I found another casualty of our move.
I had decided to make some homemade strawberry ice cream with some of the in season strawberries. I made a base, chopped up and puréed some strawberries, mixed it together and poured it into the freezer bowl for my ice cream maker. I switched it on. There is a horrible loud, grinding motor sound and the bowl did not turn. I tried again. Nothing.
I was instantly annoyed, because if you have ever used an ice cream maker before, you know that the mixture starts to freeze IMMEDIATELY. I quickly changed direction and scraped it out of the freezer bowl and into a regular freezer-safe container. I thought maybe I could get away with not churning it.

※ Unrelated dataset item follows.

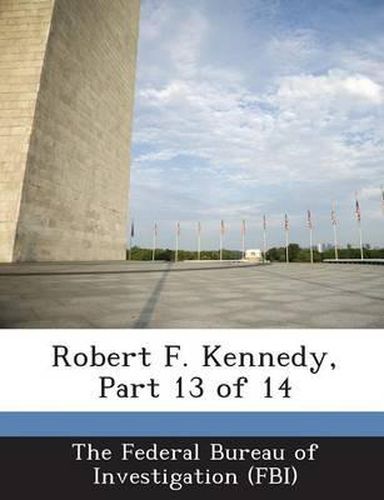 Cover image for Robert F. Kennedy, Part 13 of 14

Can I? The short answer is that I’m not really sure. It was delicious, but hard as a freaking rock! This didn’t really surprise me, because homemade ice cream (especially strawberry ice cream) tends to do that regardless- and for my re-do, I was going to try and find a fix for it.
So after I scooped up a replacement machine, I did some reading- there were various potential solutions involving the milk vs. cream content, eggs, sugar, etc, but what really caught my idea was the idea of using a VERY SMALL of alcohol to keep it from freezing totally. I figured this was the easiest theory to test, and it seemed like the most logical one to me- you know, since alcohol doesn’t freeze. Duh. Why didn’t I think of that?
Worked like a charm! The ice cream was scoopable and delicious- absolutely perfect!
Strawberry Ice Cream
- 2 cups whole milk
- 1 cup cream
- 1 tsp vanilla
- 1 cup sugar
- 4 cups fresh strawberries, coarsely mashed with a fork or potato masher
- 2 T vodka
- In a large mixing bowl, stir together the milk, cream and vanilla.
- Whisk in the sugar until dissolved, then add in vodka. Set in the fridge to chill for 30-60 minutes.
- Pour the ice cream base into the ice cream maker according to manufacturer directions.
- When the ice cream has reached the consistency of whipped cream, add in the strawberries. When the ice cream looks mostly solid, transfer to a freezer-safe container to finish freezing before serving.